Sen. Orrin Hatch (R-Utah) condemned the violence in Charlottesville, Virginia, that exploded on Saturday, saying that WWII veterans, including his brother, didn’t die fighting Adolph Hitler so that Nazi ideas could prevail in the United States today.
“We should call evil by its name. My brother didn’t give his life fighting Hitler for Nazi ideas to go unchallenged here at home. -OGH,” Hatch tweeted Saturday evening, signing it OGH to signify that he, not his staff, had written the message.
We should call evil by its name. My brother didn't give his life fighting Hitler for Nazi ideas to go unchallenged here at home. -OGH
— Senator Hatch Office (@senorrinhatch) August 12, 2017
According to The Hill, Hatch was just 8 years old when his brother, 20-year-old Jesse, died when his B-24 bomber went down over Austria.
His brother’s death deeply affected the senator, and he has credited his older sibling for his life in public service.
The Utah senator’s comments came after white nationalist protests turned violent Saturday, leading to three deaths and multiple injuries.
White nationalist, alt-right and white supremacist groups were scheduled to congregate in Emancipation Park Saturday to protest the removal of a Confederate statue.

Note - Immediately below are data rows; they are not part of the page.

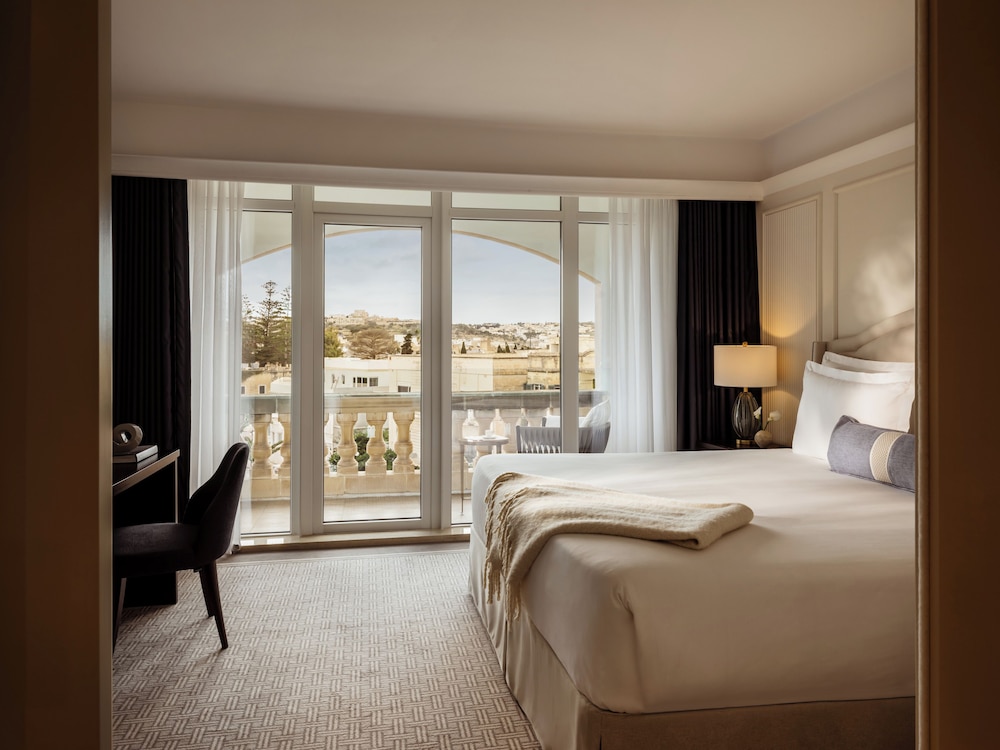 Grand Suite - Photo 1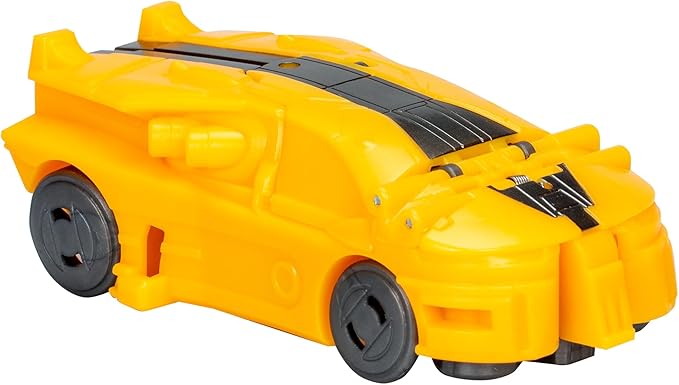 Figuras Transformers One 6a+ ( Surtido de 3 - Se venden por Separado )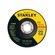 esmerilhadeira-angular-4-1-2-pol-stanley-stgs1011-1000w_04.jpg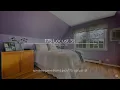 175 Locust St Floral Park NY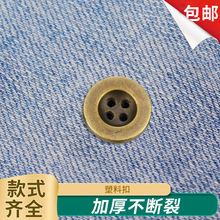 �F؛���������׹��b���ӊA�˲�����DIY���ϼ~�����Ͽ����l���]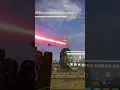 Download Lagu LOVEBIRDS INCURSION BOSS DEAD IN SECONDS! #thedivision2 #divsion2 #incursion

However, violent clashes broke out before the rally, prompting Virginia Governor Terry McAuliffe (D) to declare a state of emergency to aid the state’s response to the violence.
President Donald Trump also condemned the violence but painted a broad stroke of blame, saying during his speech, “We condemn in the strongest possible terms this egregious display of hatred, bigotry and violence on many sides, on many sides.”